# Port gsm roms



## kenkoshko (Jul 23, 2011)

Hey guys I been searching the Web for this couldn't find anything. I'm looking to start gathering info on porting gsm rims to cmda. Any threads on this?

Sent from my Galaxy Nexus using Tapatalk


----------



## akellar (Jun 11, 2011)

kenkoshko said:


> Hey guys I been searching the Web for this couldn't find anything. I'm looking to start gathering info on porting gsm rims to cmda. Any threads on this?
> 
> Sent from my Galaxy Nexus using Tapatalk


What gsm ROM do you want to port? I'm not aware of any that aren't available for both.

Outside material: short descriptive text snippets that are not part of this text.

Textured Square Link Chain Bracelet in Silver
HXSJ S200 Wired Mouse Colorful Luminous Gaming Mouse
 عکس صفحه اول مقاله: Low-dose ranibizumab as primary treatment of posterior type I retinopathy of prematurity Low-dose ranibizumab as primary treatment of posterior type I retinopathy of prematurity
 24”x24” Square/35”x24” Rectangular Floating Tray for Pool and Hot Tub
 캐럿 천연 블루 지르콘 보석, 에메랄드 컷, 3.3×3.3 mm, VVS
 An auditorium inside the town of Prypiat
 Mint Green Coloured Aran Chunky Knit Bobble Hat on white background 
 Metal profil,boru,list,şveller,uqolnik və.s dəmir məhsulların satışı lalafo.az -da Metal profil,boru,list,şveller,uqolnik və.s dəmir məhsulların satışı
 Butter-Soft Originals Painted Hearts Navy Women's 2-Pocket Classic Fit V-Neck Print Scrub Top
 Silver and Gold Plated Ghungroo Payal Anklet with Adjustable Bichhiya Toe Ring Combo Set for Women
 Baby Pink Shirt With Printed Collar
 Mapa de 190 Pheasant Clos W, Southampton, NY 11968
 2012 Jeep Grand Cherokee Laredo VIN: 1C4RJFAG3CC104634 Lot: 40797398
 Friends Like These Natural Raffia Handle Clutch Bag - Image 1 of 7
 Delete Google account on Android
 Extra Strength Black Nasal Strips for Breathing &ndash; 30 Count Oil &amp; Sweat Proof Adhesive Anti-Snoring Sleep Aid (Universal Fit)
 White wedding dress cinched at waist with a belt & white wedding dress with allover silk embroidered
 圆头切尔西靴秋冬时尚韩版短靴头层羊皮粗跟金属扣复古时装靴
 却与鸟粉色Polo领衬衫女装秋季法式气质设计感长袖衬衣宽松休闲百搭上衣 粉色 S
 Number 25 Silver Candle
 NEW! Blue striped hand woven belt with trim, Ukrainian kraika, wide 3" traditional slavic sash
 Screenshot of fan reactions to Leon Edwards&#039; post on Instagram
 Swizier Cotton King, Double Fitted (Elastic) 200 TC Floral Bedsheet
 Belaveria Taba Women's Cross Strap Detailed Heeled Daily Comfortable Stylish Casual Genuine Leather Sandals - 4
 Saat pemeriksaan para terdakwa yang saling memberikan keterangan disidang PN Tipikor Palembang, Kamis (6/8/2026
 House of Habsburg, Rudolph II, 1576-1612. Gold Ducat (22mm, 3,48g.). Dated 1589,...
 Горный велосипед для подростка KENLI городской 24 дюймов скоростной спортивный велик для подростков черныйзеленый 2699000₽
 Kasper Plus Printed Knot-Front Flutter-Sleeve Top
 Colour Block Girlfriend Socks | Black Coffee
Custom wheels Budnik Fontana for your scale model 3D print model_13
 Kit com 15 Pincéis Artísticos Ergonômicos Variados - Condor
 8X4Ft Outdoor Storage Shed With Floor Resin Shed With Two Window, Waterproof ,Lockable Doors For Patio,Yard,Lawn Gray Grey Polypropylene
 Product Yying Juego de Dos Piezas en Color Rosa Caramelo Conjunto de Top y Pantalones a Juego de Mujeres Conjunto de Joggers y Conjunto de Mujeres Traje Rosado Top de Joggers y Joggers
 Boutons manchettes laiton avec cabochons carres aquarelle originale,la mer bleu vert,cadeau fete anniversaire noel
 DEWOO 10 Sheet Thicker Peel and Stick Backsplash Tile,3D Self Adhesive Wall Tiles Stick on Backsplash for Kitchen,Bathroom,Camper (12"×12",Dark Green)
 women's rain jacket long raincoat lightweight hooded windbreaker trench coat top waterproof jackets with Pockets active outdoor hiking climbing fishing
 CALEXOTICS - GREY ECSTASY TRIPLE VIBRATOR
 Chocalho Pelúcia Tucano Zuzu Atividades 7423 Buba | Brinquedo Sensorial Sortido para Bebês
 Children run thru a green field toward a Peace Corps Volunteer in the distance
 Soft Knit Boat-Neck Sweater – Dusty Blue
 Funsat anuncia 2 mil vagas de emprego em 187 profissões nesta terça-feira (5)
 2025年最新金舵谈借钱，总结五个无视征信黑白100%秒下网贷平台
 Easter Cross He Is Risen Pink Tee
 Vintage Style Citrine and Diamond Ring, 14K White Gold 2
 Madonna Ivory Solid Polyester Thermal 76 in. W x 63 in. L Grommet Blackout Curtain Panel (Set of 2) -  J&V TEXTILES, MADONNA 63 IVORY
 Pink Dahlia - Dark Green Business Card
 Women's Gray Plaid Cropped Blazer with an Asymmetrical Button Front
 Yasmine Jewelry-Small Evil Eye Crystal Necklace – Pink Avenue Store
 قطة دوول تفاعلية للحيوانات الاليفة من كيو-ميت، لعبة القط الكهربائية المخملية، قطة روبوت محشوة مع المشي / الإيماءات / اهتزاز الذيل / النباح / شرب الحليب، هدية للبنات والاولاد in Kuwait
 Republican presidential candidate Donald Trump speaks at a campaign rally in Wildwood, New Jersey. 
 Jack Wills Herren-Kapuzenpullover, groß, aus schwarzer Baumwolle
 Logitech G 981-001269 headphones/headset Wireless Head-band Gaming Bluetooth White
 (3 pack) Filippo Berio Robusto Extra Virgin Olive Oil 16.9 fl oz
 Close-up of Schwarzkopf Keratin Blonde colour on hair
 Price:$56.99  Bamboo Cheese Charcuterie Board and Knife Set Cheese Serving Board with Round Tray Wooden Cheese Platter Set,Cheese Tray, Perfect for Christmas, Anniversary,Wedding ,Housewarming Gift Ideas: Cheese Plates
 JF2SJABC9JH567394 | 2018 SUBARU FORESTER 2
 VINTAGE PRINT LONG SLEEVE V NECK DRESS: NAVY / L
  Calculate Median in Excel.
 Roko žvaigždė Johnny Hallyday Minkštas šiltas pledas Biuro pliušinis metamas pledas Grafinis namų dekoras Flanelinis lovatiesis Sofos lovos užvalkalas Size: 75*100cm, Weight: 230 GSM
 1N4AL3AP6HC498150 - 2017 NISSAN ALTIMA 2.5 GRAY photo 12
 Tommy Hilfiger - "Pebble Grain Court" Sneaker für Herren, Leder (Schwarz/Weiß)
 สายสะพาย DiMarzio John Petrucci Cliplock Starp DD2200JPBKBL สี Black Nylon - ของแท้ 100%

Sent from my Galaxy Nexus using RootzWiki


----------



## kenkoshko (Jul 23, 2011)

akellar said:


> What gsm ROM do you want to port? I'm not aware of any that aren't available for both.
> 
> Sent from my Galaxy Nexus using RootzWiki


over on xda they have a few that are not cdma, i was just starting to port just wanted to get some advice. I accidently flashed back when i first got my nexus akop for gsm whoops lol, but it worked everything but the radios....i was just wondering how different they were


----------



## jdkoreclipse (Jun 16, 2011)

kenkoshko said:


> over on xda they have a few that are not cdma, i was just starting to port just wanted to get some advice. I accidently flashed back when i first got my nexus akop for gsm whoops lol, but it worked everything but the radios....i was just wondering how different they were


The only difference is just some ril files and build prop edits. Everything else is pretty much identical

Sent from my Galaxy Nexus using RootzWiki


----------



## kenkoshko (Jul 23, 2011)

jdkoreclipse said:


> The only difference is just some ril files and build prop edits. Everything else is pretty much identical
> 
> Sent from my Galaxy Nexus using RootzWiki


Can I just use 7zip to swap them out or do I have to decompile and what not?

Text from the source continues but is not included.